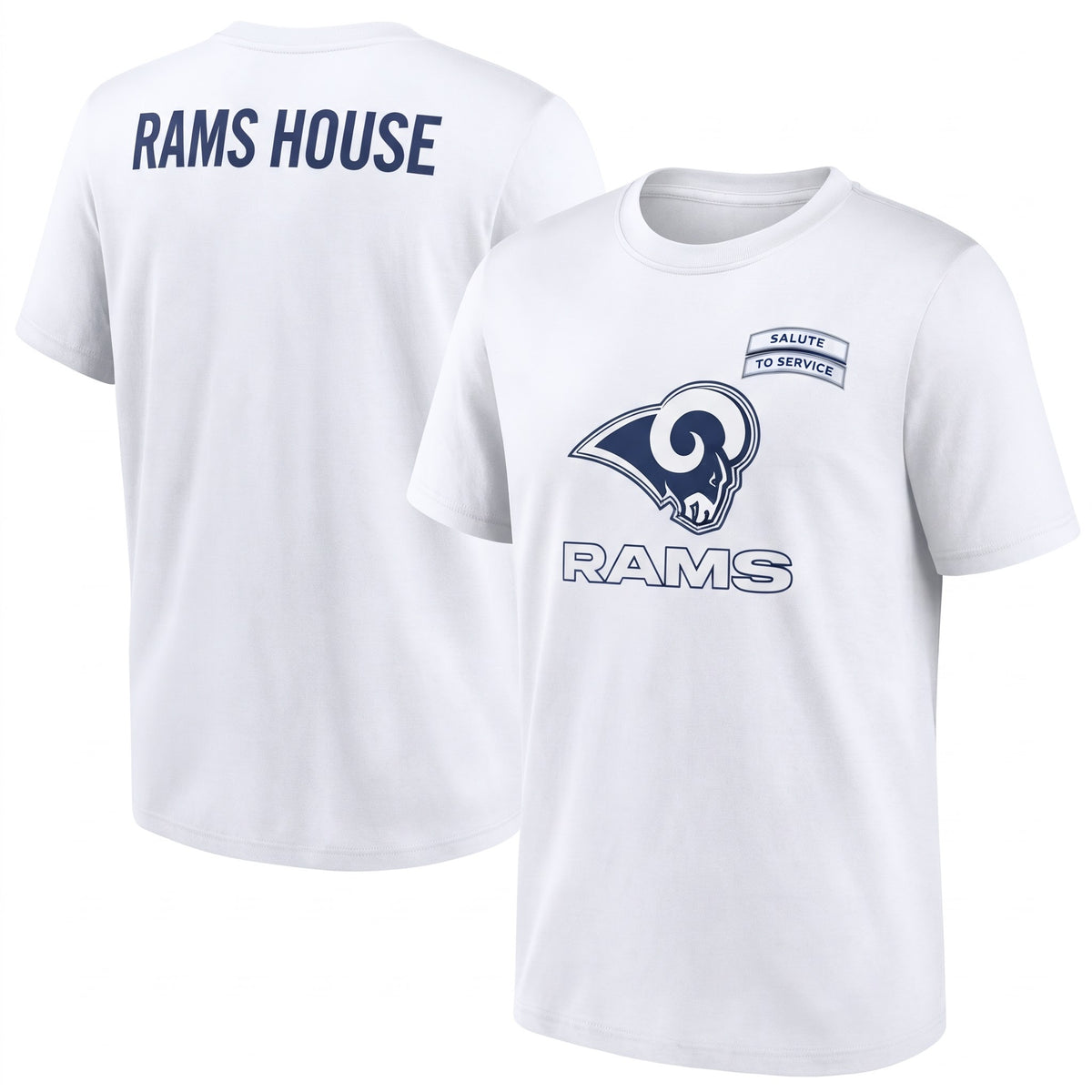 LAR x Salute To Service 2026 Edition Two Sides T-Shirt - Printed V2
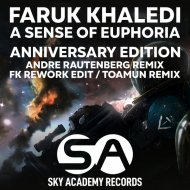 Faruk Khaledi - A Sense Of Euphoria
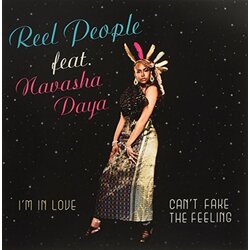 Reel People I'm In Love / Can't Fake The Feeling Vinyl LP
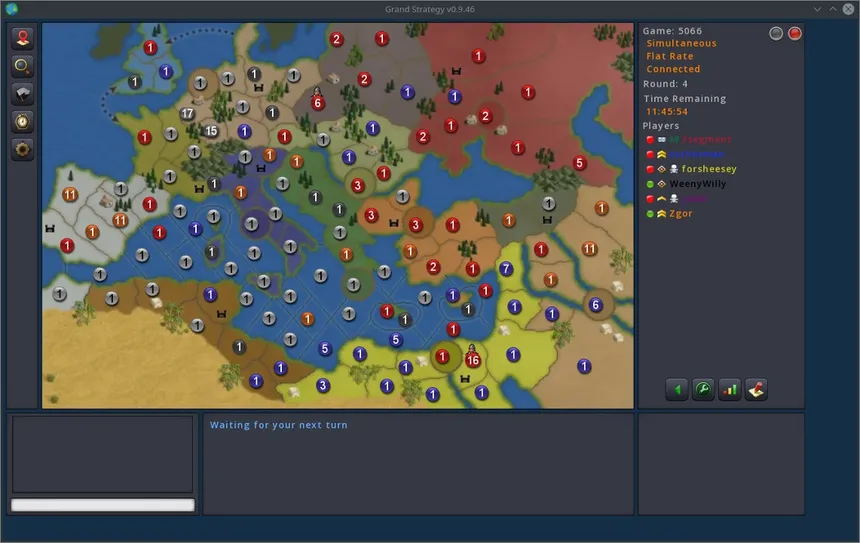 Скриншот 4 к игре Grand Strategy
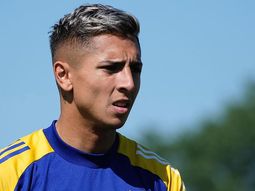 fallo a favor de boca: almendra le tiene que pagar una suma millonaria al club fallo a favor de boca: almendra le tiene que pagar una suma millonaria al club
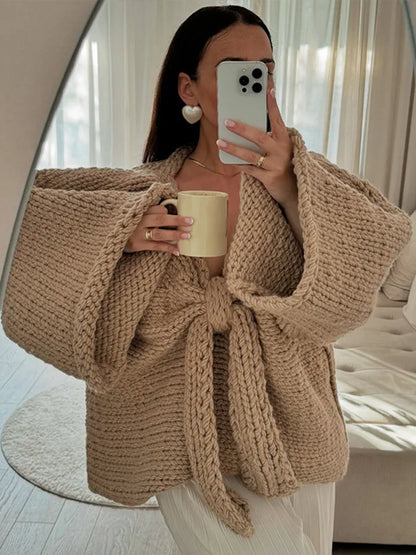 Sophia - Oversized Pullover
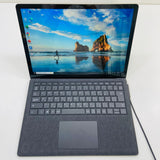 Surface laptop 13.5" 2K cảm ứng i7 8th Ram 8GB SSD 256GB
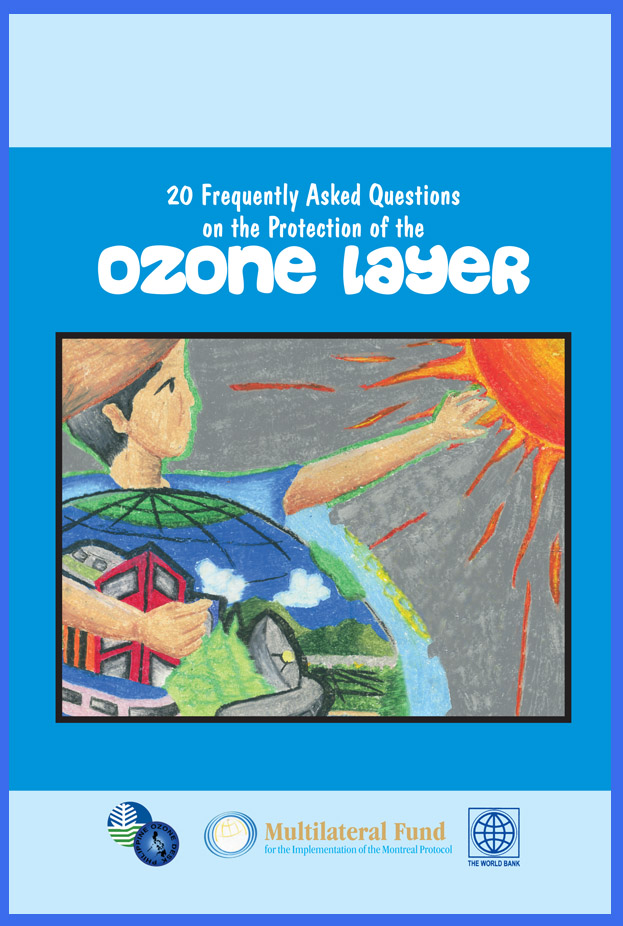 20 FAQ Blue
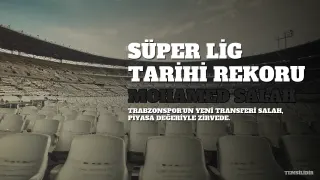 Mohamed Salah'ın Piyasa Değeri Süper Lig Tarihinin Zirvesine Yerleşti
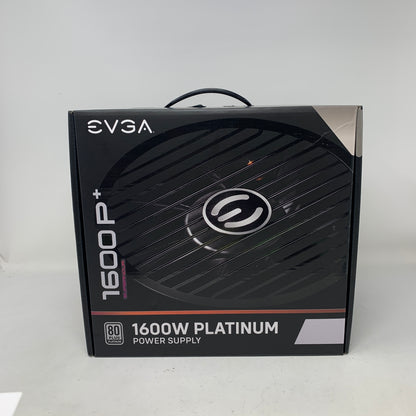 New EVGA EVGA 1600W Platinum Supernova 220-PP-1600-X1 Power Supply
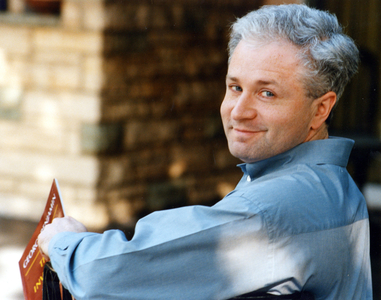 George Benjamin, Los Angeles, 1998 (photo)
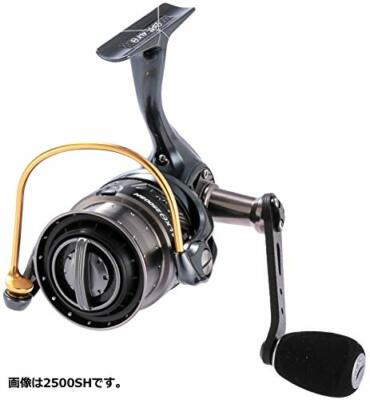 Abu Garcia Revo ALX THETA 3000MSH Stainless Steel, Alminium NEW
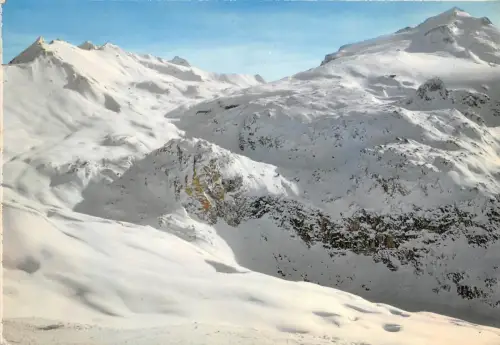 BR25589 Tignes Station du lac 2 Scans Frankreich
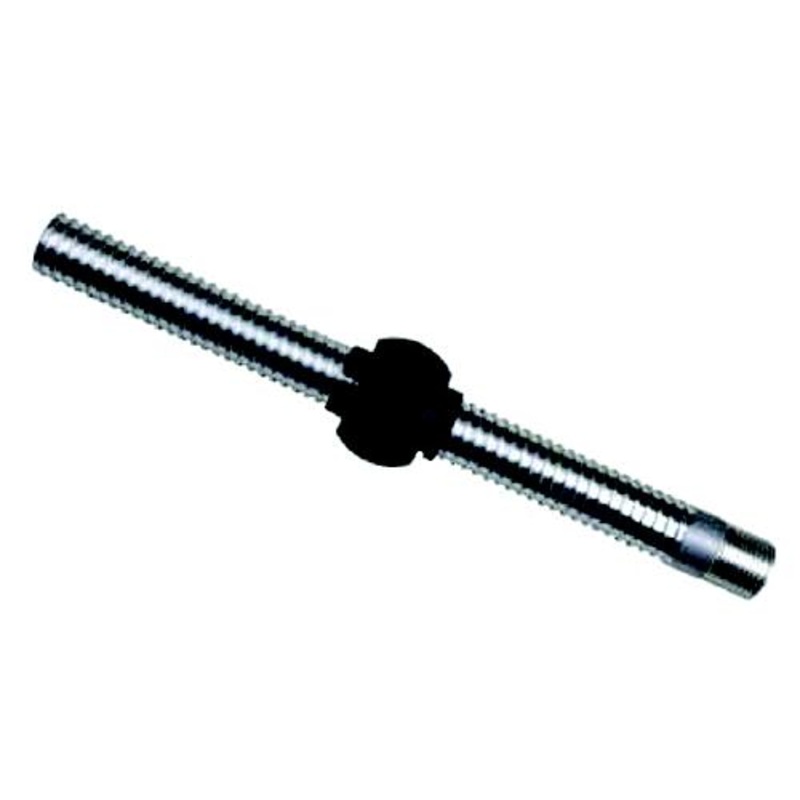Threaded Splashwell Tube w/Ball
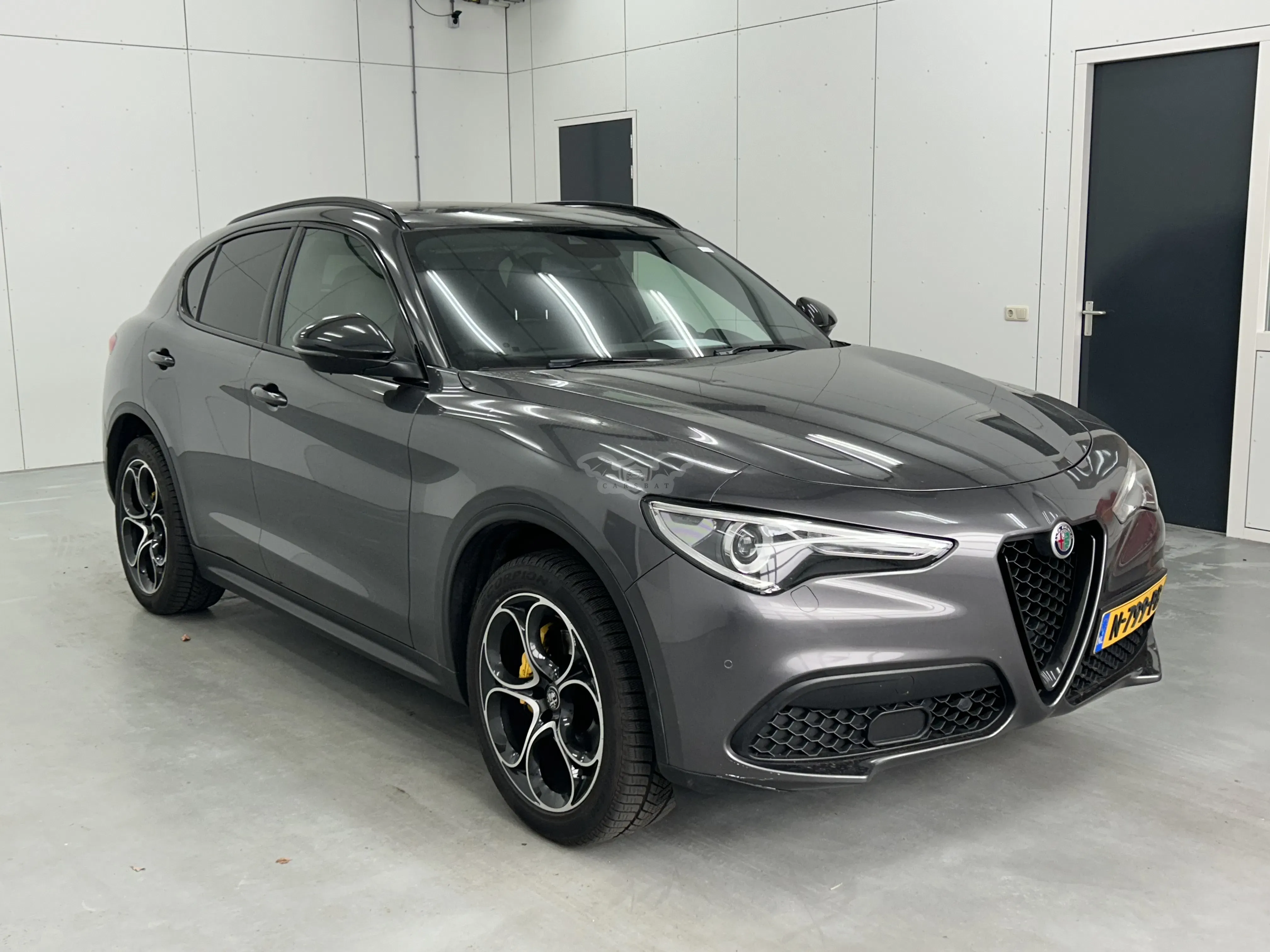 Alfa Romeo Stelvio 2.0 B-Tech 2020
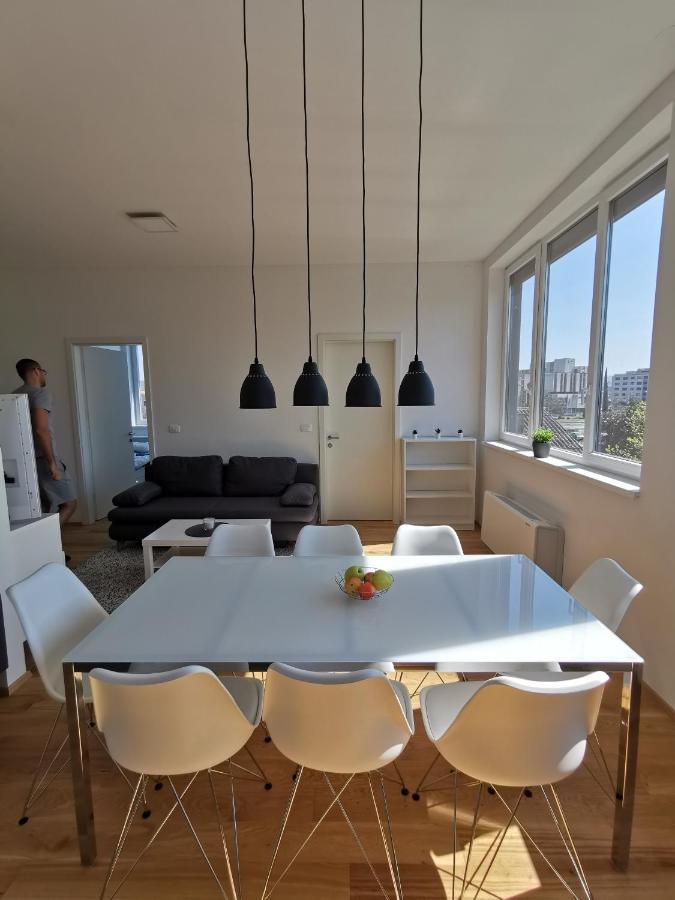 Apartmaji Egis Koper Buitenkant foto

###

All of the material goes into the answer exactly as it stands, except for the pictures.

 LAR x Salute To Service 2026 Edition Two Sides T-Shirt - Printed V2
 Faruk Khaledi - A Sense Of Euphoria
 Reel People I'm In Love / Can't Fake The Feeling Vinyl LP
 Скриншот 4 к игре Grand Strategy
 fallo a favor de boca: almendra le tiene que pagar una suma millonaria al club fallo a favor de boca: almendra le tiene que pagar una suma millonaria al club
 Sophia - Oversized Pullover
 Surface laptop 13.5" 2K cảm ứng i7 8th Ram 8GB SSD 256GB
 20 FAQ Blue
 Mohamed Salah'ın Piyasa Değeri Süper Lig Tarihinin Zirvesine Yerleşti
 New EVGA EVGA 1600W Platinum Supernova 220-PP-1600-X1 Power Supply
 George Benjamin, Los Angeles, 1998 (photo)
 Abu Garcia Revo ALX THETA 3000MSH Stainless Steel, Alminium NEW
 BR25589 Tignes Station du lac 2 Scans Frankreich
Threaded Splashwell Tube w/Ball
 Alfa Romeo Stelvio 2.0 B-Tech 2020
 Apartmaji Egis Koper Buitenkant foto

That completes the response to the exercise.